[RFC] mm: activate access-more-than-once page via NUMA balancing

* [RFC] mm: activate access-more-than-once page via NUMA balancing
@ 2021-03-24  8:32 Huang Ying
  2021-03-24 10:31 ` Mel Gorman
  0 siblings, 1 reply; 7+ messages in thread
From: Huang Ying @ 2021-03-24  8:32 UTC (permalink / raw)
  To: linux-mm
  Cc: Andrew Morton, linux-kernel, Huang Ying, Yu Zhao, Hillf Danton,
	Johannes Weiner, Joonsoo Kim, Matthew Wilcox, Mel Gorman,
	Michal Hocko, Roman Gushchin, Vlastimil Babka, Wei Yang,
	Yang Shi

One idea behind the LRU page reclaiming algorithm is to put the
access-once pages in the inactive list and access-more-than-once pages
in the active list.  This is true for the file pages that are accessed
via syscall (read()/write(), etc.), but not for the pages accessed via
the page tables.  We can only activate them via page reclaim scanning
now.  This may cause some problems.  For example, even if there are
only hot file pages accessed via the page tables in the inactive list,
we will enable the cache trim mode incorrectly to scan only the hot
file pages instead of cold anon pages.

This can be improved via NUMA balancing.  Where, the page tables of
all processes will be scanned gradually to trap the page accesses.
With that, we can identify whether a page in the inactive list has
been accessed at least twice.  If so, we can activate the page to
leave only the access-once pages in the inactive list.  This patch
implements this.

It may sound overkill to enable NUMA balancing only to activate some
pages.  But firstly, if you have used NUMA balancing already, the
added overhead is negligible.  Secondly, this patch is only the first
step to take advantage of the NUMA balancing to optimize the page
reclaiming.  We may improve the page reclaim further with the help of
the NUMA balancing.  For example, we have implemented a way to measure
the page hot/cold via NUMA balancing in

https://lore.kernel.org/linux-mm/20210311081821.138467-5-ying.huang@intel.com/

That may help to improve the LRU algorithm.  For example, instead of
migrating from PMEM to DRAM, the hot pages can be put at the head of
the active list (or a separate hot page list) to make it easier to
reclaim the cold pages at the tail of the LRU.

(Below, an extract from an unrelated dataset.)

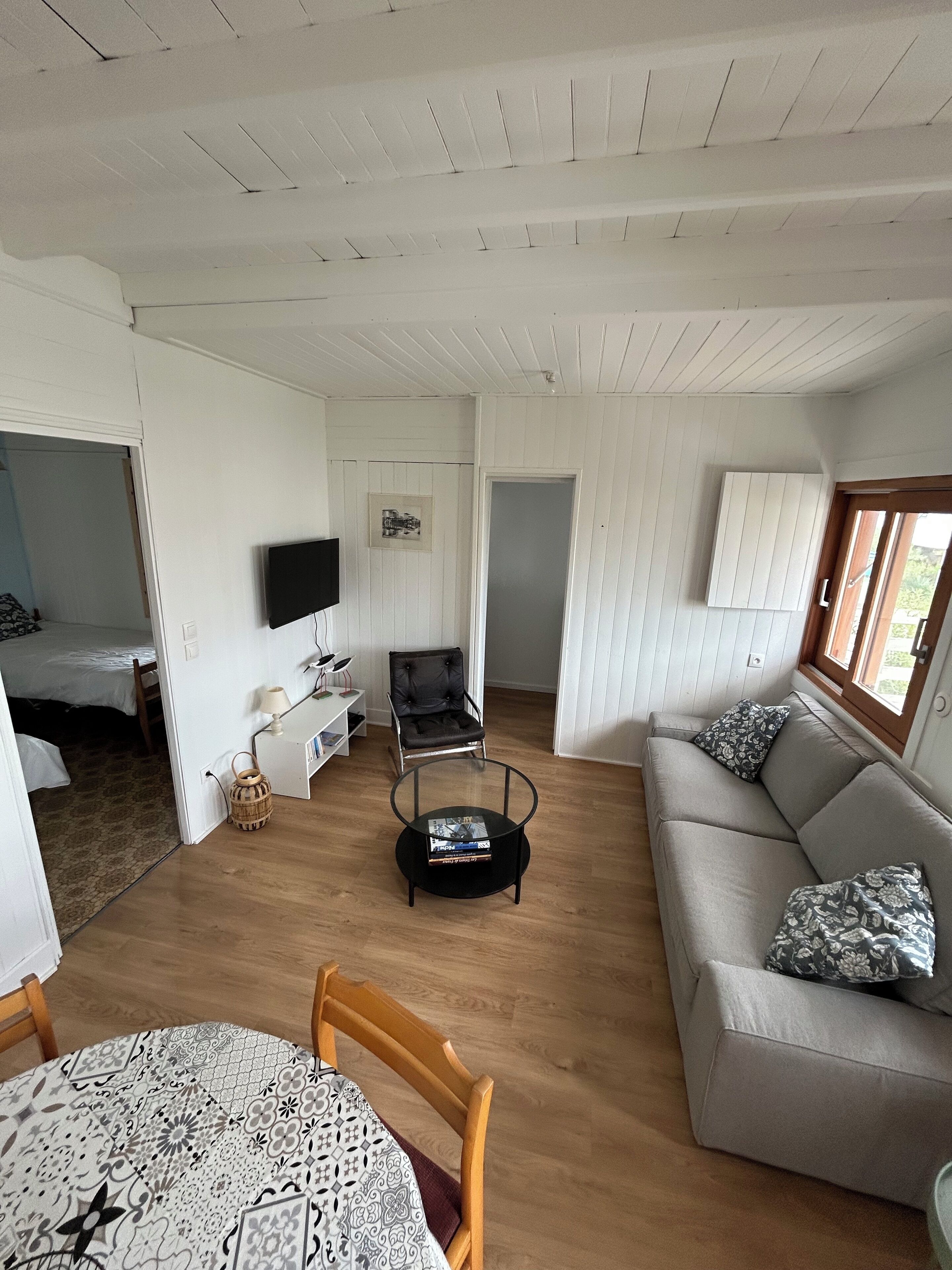 A spacious living area with a sofa, a round coffee table, a television, and a dining table with a patterned tablecloth.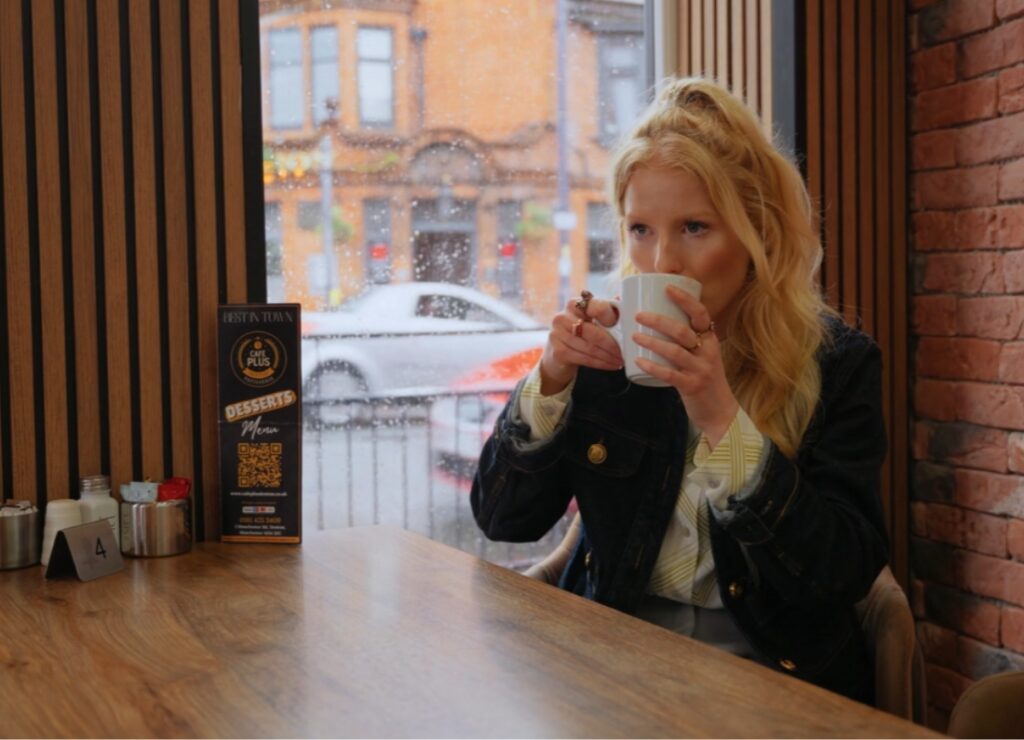 Hannah Spencer sits in a café by the window drinking from a white mug on a rainy day.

This patch is inspired by the work done by Yu Zhao in the
Multigenerational LRU patchset as follows,

https://lore.kernel.org/linux-mm/20210313075747.3781593-1-yuzhao@google.com/

It may be possible to combine some ideas from the multi-generational
LRU patchset with the NUMA balancing page table scanning to improve
the LRU page reclaiming algorithm.  Compared with the page table
scanning method used in the multi-generational LRU patchset, the page
tables can be scanned much slower via NUMA balancing, because the page
faults instead of the Accessed bit is used to trap the page accesses.
This can reduce the peak overhead of scanning.

To show the effect of the patch, we designed a test as follows,

On a system with 128 GB DRAM and 2 NVMe disks as swap,

  * Run the workload A with about 60 GB hot anon pages.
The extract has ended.